Le repreneur de Paris-Turf a également prévu de licencier une centaine de salariés du groupe hippique. Le nouveau propriétaire du magazine Grazia a annoncé de son côté la suppression de 31 postes.  

Au Royaume-Uni, The Guardian a annoncé 180 licenciements, et le magazine The Economist 90.

Aux États-Unis, le groupe Conde Nast (Vogue, Wired, ou le New Yorker) a annoncé le licenciement d’une centaine de salariés sur 6000. Vox Media (The Verge, New York Magazine) va licencier 72 salariés, soit la majorité de ceux placés en chômage partiel. Le New York Times a licencié 68 salariés de ses équipes de vente.

Le groupe familial McClatchy, qui publie une vingtaine de journaux dont le Miami Herald, a été vendu à un fonds d’investissement, Chatham, après s’être placé en cessation de paiement.

Depuis le début de la crise, plus de 36 000 employés des médias d’information américains, aux effectifs déjà resserrés ces dernières années, ont été concernés par des réductions de coûts, selon une analyse du New York Times.

À travers le pays, une cinquantaine de rédactions locales, parfois centenaires, ont fermé, selon une liste mise à jour par le site Poynter.

Le web ralentit

L’information en ligne ne se porte pas mieux. Le groupe Vice Media compte licencier 55 salariés aux États-Unis et 100 à l’international, selon une note envoyée par la directrice du groupe aux employés, révélée par les médias américains.

Au-delà de la crise sanitaire, la dirigeante a accusé les GAFA, géants du web, d’être une «menace» pour l’information en ligne et de prendre «pas seulement une plus grande part du gâteau, mais le gâteau en entier», entraînant la perte de dizaines de milliers d’emplois dans le journalisme.

Le site d’information et de divertissement Buzzfeed, qui a annoncé dès la fin mars des réductions de salaire, de 5 à 25 % en fonction du niveau de revenus, va également mettre fin à sa couverture de l’actualité au Royaume-Uni et en Australie, après avoir déjà quitté la France.

Pour certains, la crise est l’occasion d’accélérer la transition vers un modèle économique par abonnement, plus stable. C’est le cas du site américain d’information économique Quartz, dont le propriétaire a annoncé le licenciement d’environ 40 % des effectifs, principalement dans la régie publicitaire.

L’audiovisuel licencie

L’audiovisuel a également engagé des licenciements face aux premiers effets de la crise sanitaire.  

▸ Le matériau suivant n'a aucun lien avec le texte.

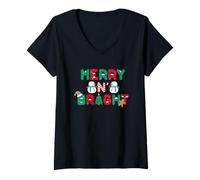 Donna Trendy Apparel Christmas Merry N' Bright Happy Snowman Maglietta con Collo a V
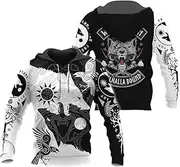 [YOROOW-OUTDOOR] Viking Valhalla Odin Wolf Sweatshirt Nordic Mythology Print Hoodie Pullover Nordic Men Retro Jacket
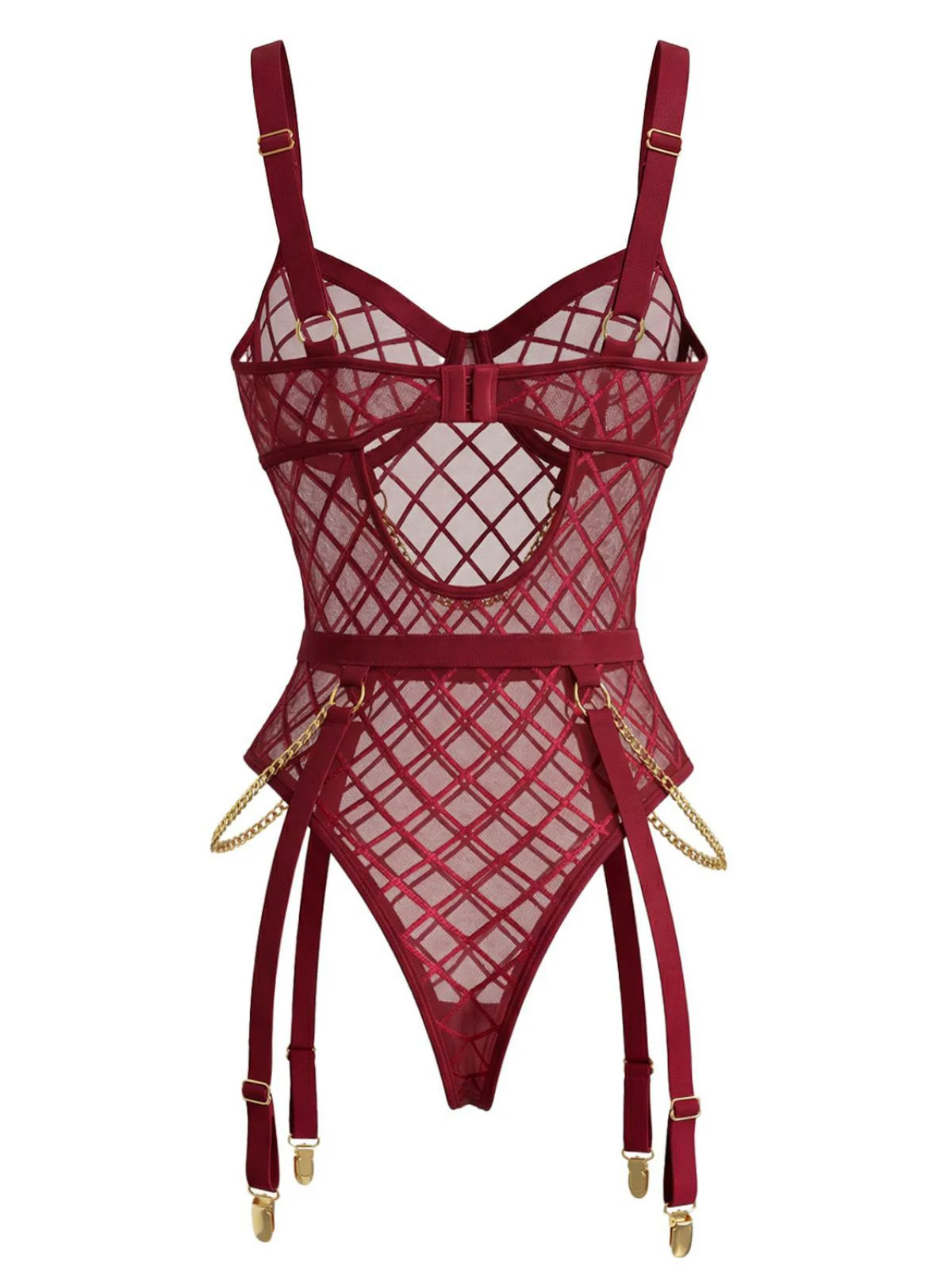 Lingerie en résille transparente à bretelles et chaînes années 1970 - Image 4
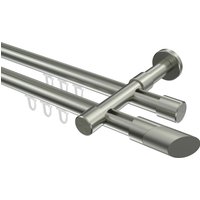 Innenlauf-Vorhangstange Edelstahl-Optik 20 mm Ø Prestige Verano, 2-läufig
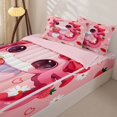 thumbnail image 3 of Erosebridal Cartoon Animal Pattern Zipper Full Size Comforter Sets with Fitted Sheet and 2 Pillowcases,Strawberry Floral Print Zipper Bedding Set,Pink Red,Pink Reversible, 3 of 6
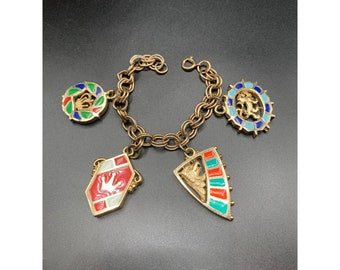 vintage Shields Crests charm bracelet heavy well crafted enameled bracelet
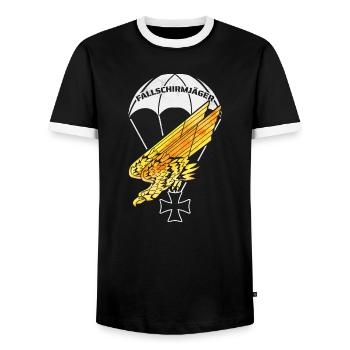Goldener Adler - Fallschirmjäger Abzeichen - Männer Kontrast-T-Shirt - Schwarz/Weiß - Vorne - AI Model Female 172 light (172cm) & AI Model Male 178 light (178cm)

Au Royaume-Uni, la BBC a annoncé qu’elle allait supprimer 520 postes sur un total de 6000 salariés, notamment dans ses programmes régionaux.  

Les journalistes couvriront moins de sujets et travailleront en équipes centralisées au lieu de se consacrer à une émission en particulier, a précisé la directrice de l’information de la BBC.

Aux États-Unis, NBCUniversal a diminué de 20 % les plus hauts salaires. Et le géant ViacomCBS envisage de licencier 10 % de ses 35 000 salariés, non seulement dans la production télévisuelle, mais aussi dans ses parcs d’attractions, selon Bloomberg.

En France, BFMTV/RMC a annoncé un plan social qui vise notamment à diviser par deux le recours aux intermittents, aux pigistes et aux consultants.